Key Moments
π¬ Training Transformers to solve 95% failure rate of Cancer Trials β Ron Alfa & Daniel Bear, Noetik
Key Moments
95% of cancer drugs fail clinical trials, but Noetic claims it's a patient selection problem, not a drug discovery issue, leveraging AI to identify optimal patient cohorts for existing treatments.
Key Insights
The vast majority of cancer drugs, around 95%, fail to pass clinical trials, primarily due to inadequate patient selection.
Noetic's approach focuses on understanding patient biology from multimodal data to position molecules in the right patient populations, potentially improving success rates of existing treatments.
The company generates its own high-quality, intentionally designed multimodal data, arguing that it's not at the scale of other AI fields like NLP, and intentionality is crucial.
Noetic's models are trained on a massive dataset of over 100 million spatially resolved cells, paired with H&E, protein, and spatial transcriptomics data, which they claim is an order of magnitude larger than other datasets.
A significant deal worth $50 million was announced with GSK, involving licensing of Noetic's virtual cell foundation model (OctoVC), highlighting a shift towards AI model licensing in biotech.
Noetic utilizes a 'world model' approach, aiming to simulate biological processes and predict outcomes of actions like gene knockdowns, validated through in-vivo mouse perturbation experiments and in-silico humanization.
The staggering failure rate of cancer drugs and Noetic's contrarian thesis
A staggering 95% of cancer drugs fail in clinical trials, a statistic that alarms the pharmaceutical industry. Noetic, a biotech company, posits that this failure rate is not due to poor pharmacology or target selection, but rather the inability to accurately identify which patients will respond to specific treatments. Their core thesis is that by building models capable of deeply understanding patient biology from the outset, they can fundamentally improve patient selection, thereby increasing the success rates of existing and new therapies. This approach allows for both the discovery of new targets from patient data and the precise positioning of molecules within the right patient populations, and even the rescue of trials with poor initial outcomes by identifying responsive subgroups.

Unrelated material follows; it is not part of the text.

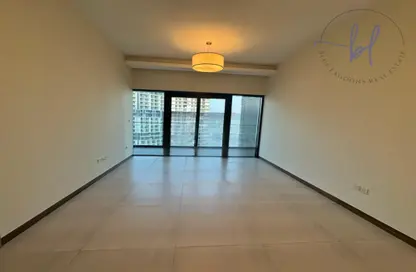 Apartment - 1 Bedroom - 2 Bathrooms for rent in SOL Bay - Business Bay - Dubai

The limitations of traditional preclinical models
Traditionally, drug development relies heavily on experiments conducted in cell lines and animal models. However, the transcript discusses significant limitations in these approaches. Cancer cell lines are often immortalized, with abnormal genomes and gene expression patterns that do not accurately reflect human tumors. Similarly, animal models, while useful, often fail to translate effectively to human biology. Pharmaceutical companies may test drugs against hundreds of cell lines, but mapping this data back to human patients is challenging. This disconnect means that by the time a drug reaches clinical trials, the trial design is often based on limited insights into which patients might benefit, leading to broad, unfocused enrollment and subsequent trial failures. Noetic aims to bridge this gap by leveraging patient data directly.

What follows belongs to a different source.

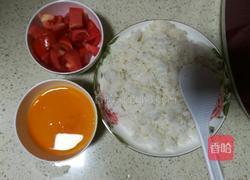 番茄炒蛋饭的做法图解1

Generating high-quality, multimodal data for AI training
Noetic emphasizes the critical importance of intentional data generation. Unlike simply collecting existing datasets, they meticulously source and process human tumor samples in their lab, generating multimodal data. This approach is crucial because, as they argue, the scale of high-quality biological data is not yet on par with that found in fields like natural language processing. They draw parallels to the ImageNet dataset, which catalyzed deep learning in computer vision, highlighting the need for curated, large-scale datasets. Noetic's data generation strategy is designed with specific principles in mind, such as leveraging images (H&E stains and multiplex fluorescence) for their scalability and information richness. They also focus on controlling for variables like batch effects by ensuring each patient's sample is represented across multiple slides and experimental batches, enabling more robust downstream analysis and model generalization.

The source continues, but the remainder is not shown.